Random matrices in service of ML footprint: ternary random features with no performance loss
This work addresses efficiency bottlenecks in machine learning for practitioners using kernel methods, offering a novel compression technique that is incremental but provides concrete benefits in computation and storage.
The paper tackles the problem of reducing computational and storage costs in random features kernel methods by showing that the eigenspectrum of kernel matrices is independent of the distribution of random projection vectors under certain conditions, and proposes Ternary Random Features (TRF) that use values in {-1,0,1} to achieve no performance loss asymptotically while offering substantial efficiency gains, with experiments showing improved performance over state-of-the-art methods.

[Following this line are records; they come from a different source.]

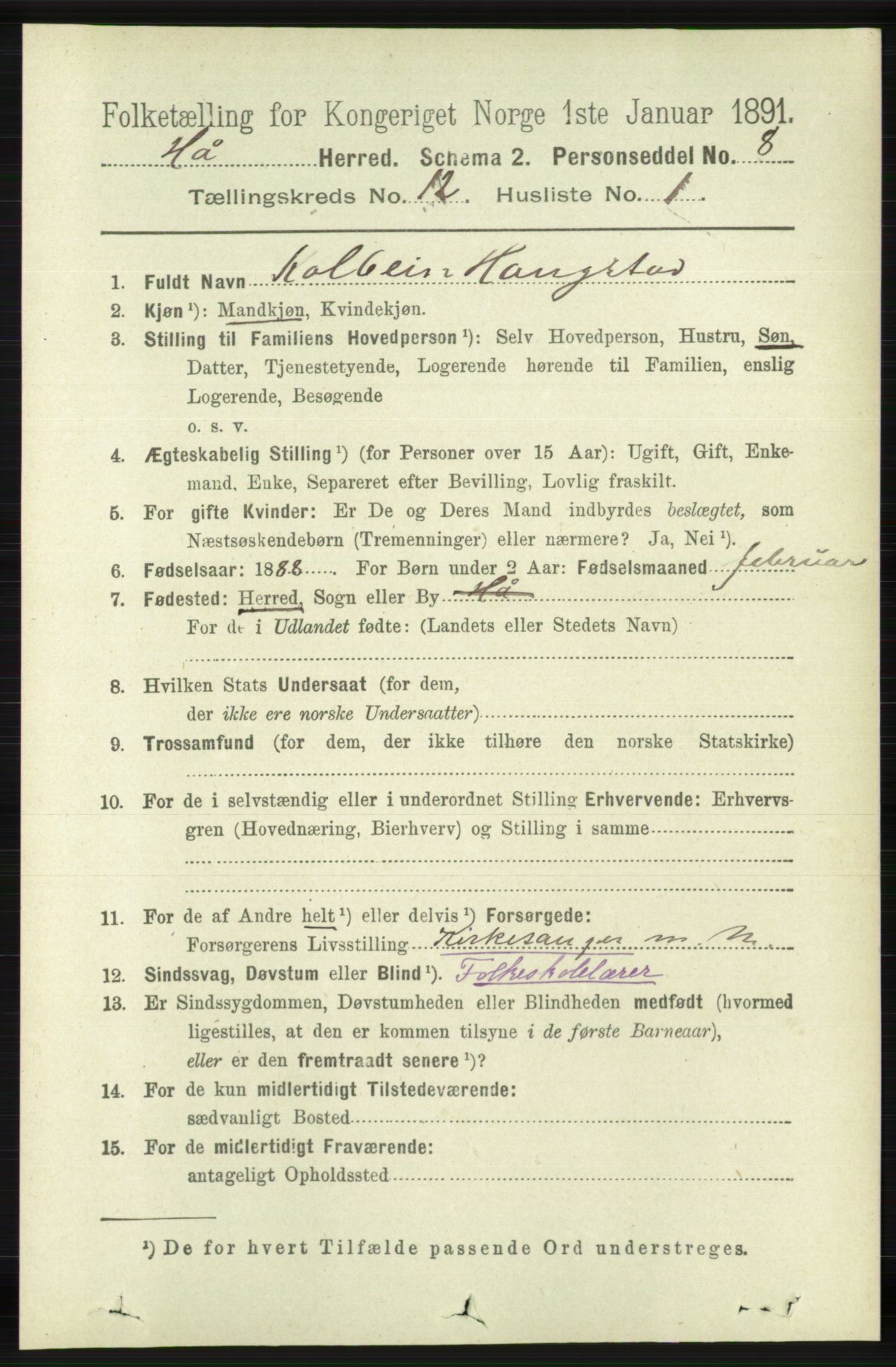 RA, 1891 census for 1119 Hå, 1891, p. 2890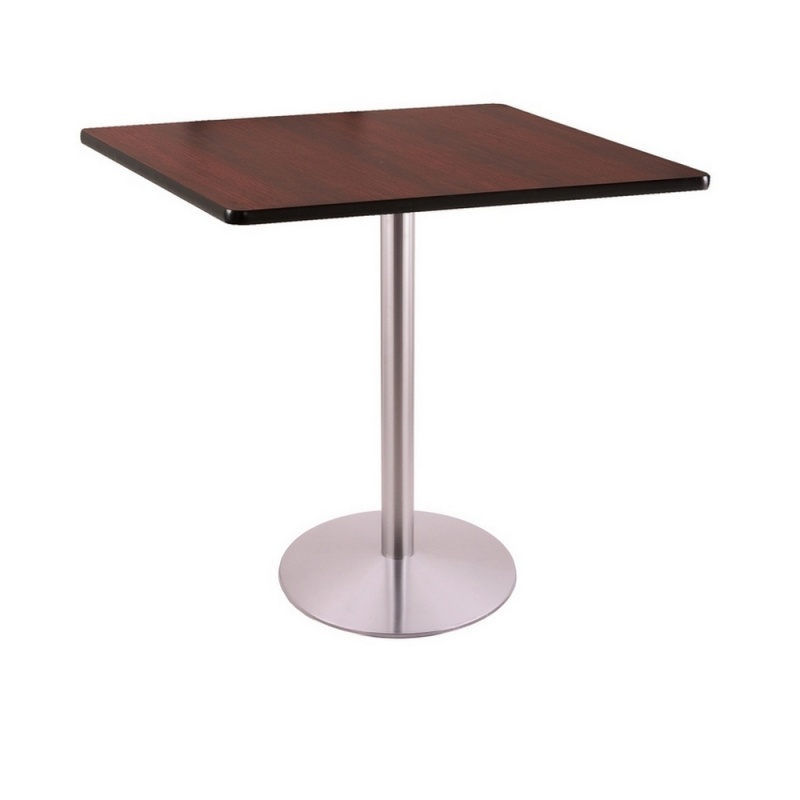 36" Tall Counter Height 214 Table With A Stainless Finish, 22" Diameter Round Footed Base And A Square Reversable (Black Or Dark Cherry) Top, Top Size: 36 X 36 Inch - Square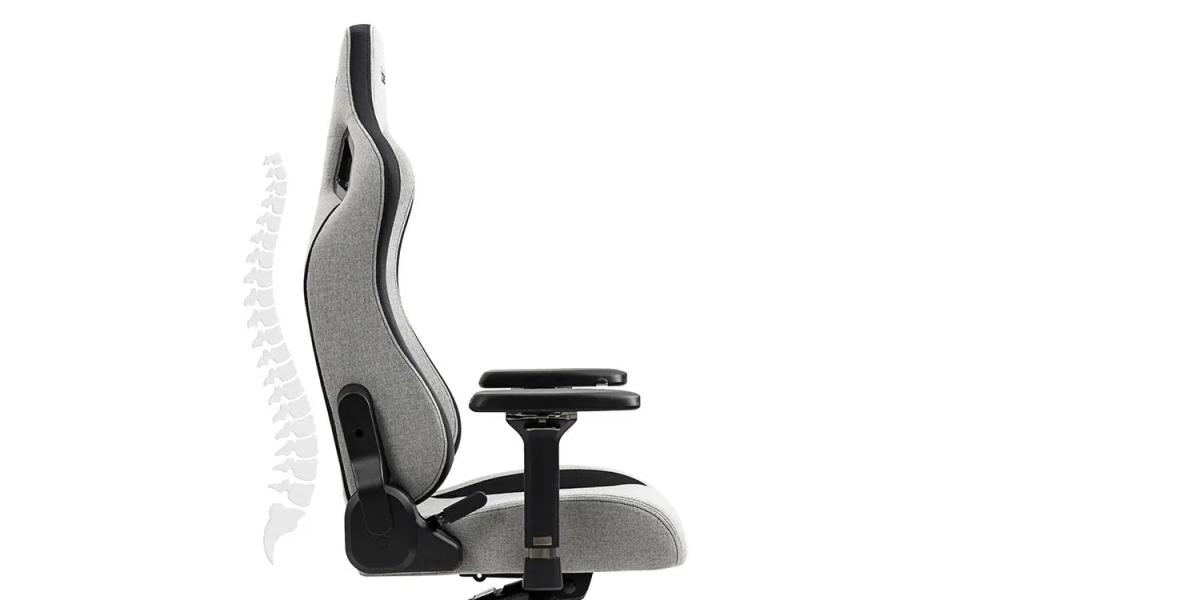 ゲーミングチェアの側面図、S字型背もたれと脊椎サポート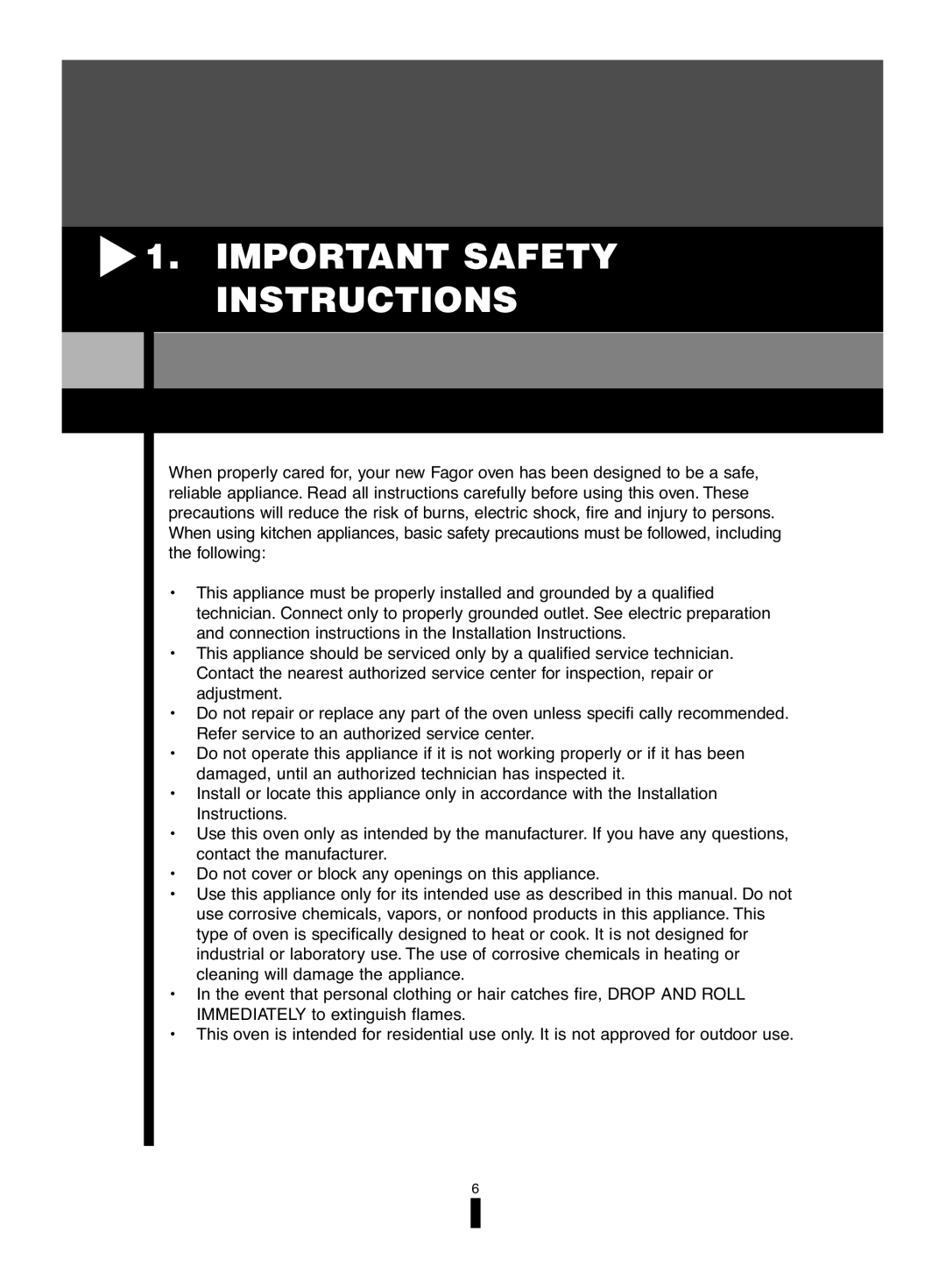 Fagor America 5HA-200 LX, 5HA-196 X, 5HA-200 RX manual Important Safety Instructions 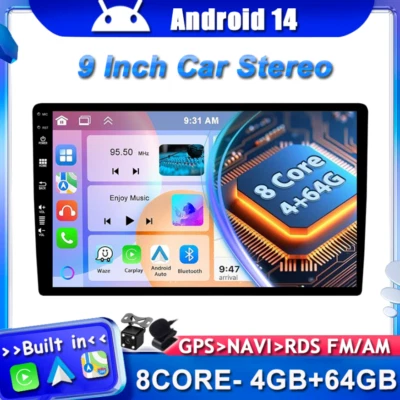 9" Android 14 Head Unit Car Radio Stereo In dash Car Play GPS 4GB+64GB 8Core DSP - Image 1 of 4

In this article, we investigate the spectral behavior of random features kernel matrices of the type ${\bf K} = \mathbb{E}_{\bf w} \left[σ\left({\bf w}^{\sf T}{\bf x}_i\right)σ\left({\bf w}^{\sf T}{\bf x}_j\right)\right]_{i,j=1}^n$, with nonlinear function $σ(\cdot)$, data ${\bf x}_1, \ldots, {\bf x}_n \in \mathbb{R}^p$, and random projection vector ${\bf w} \in \mathbb{R}^p$ having i.i.d. entries. In a high-dimensional setting where the number of data $n$ and their dimension $p$ are both large and comparable, we show, under a Gaussian mixture model for the data, that the eigenspectrum of ${\bf K}$ is independent of the distribution of the i.i.d.(zero-mean and unit-variance) entries of ${\bf w}$, and only depends on $σ(\cdot)$ via its (generalized) Gaussian moments $\mathbb{E}_{z\sim \mathcal N(0,1)}[σ'(z)]$ and $\mathbb{E}_{z\sim \mathcal N(0,1)}[σ''(z)]$. As a result, for any kernel matrix ${\bf K}$ of the form above, we propose a novel random features technique, called Ternary Random Feature (TRF), that (i) asymptotically yields the same limiting kernel as the original ${\bf K}$ in a spectral sense and (ii) can be computed and stored much more efficiently, by wisely tuning (in a data-dependent manner) the function $σ$ and the random vector ${\bf w}$, both taking values in $\{-1,0,1\}$. The computation of the proposed random features requires no multiplication, and a factor of $b$ times less bits for storage compared to classical random features such as random Fourier features, with $b$ the number of bits to store full precision values. Besides, it appears in our experiments on real data that the substantial gains in computation and storage are accompanied with somewhat improved performances compared to state-of-the-art random features compression/quantization methods.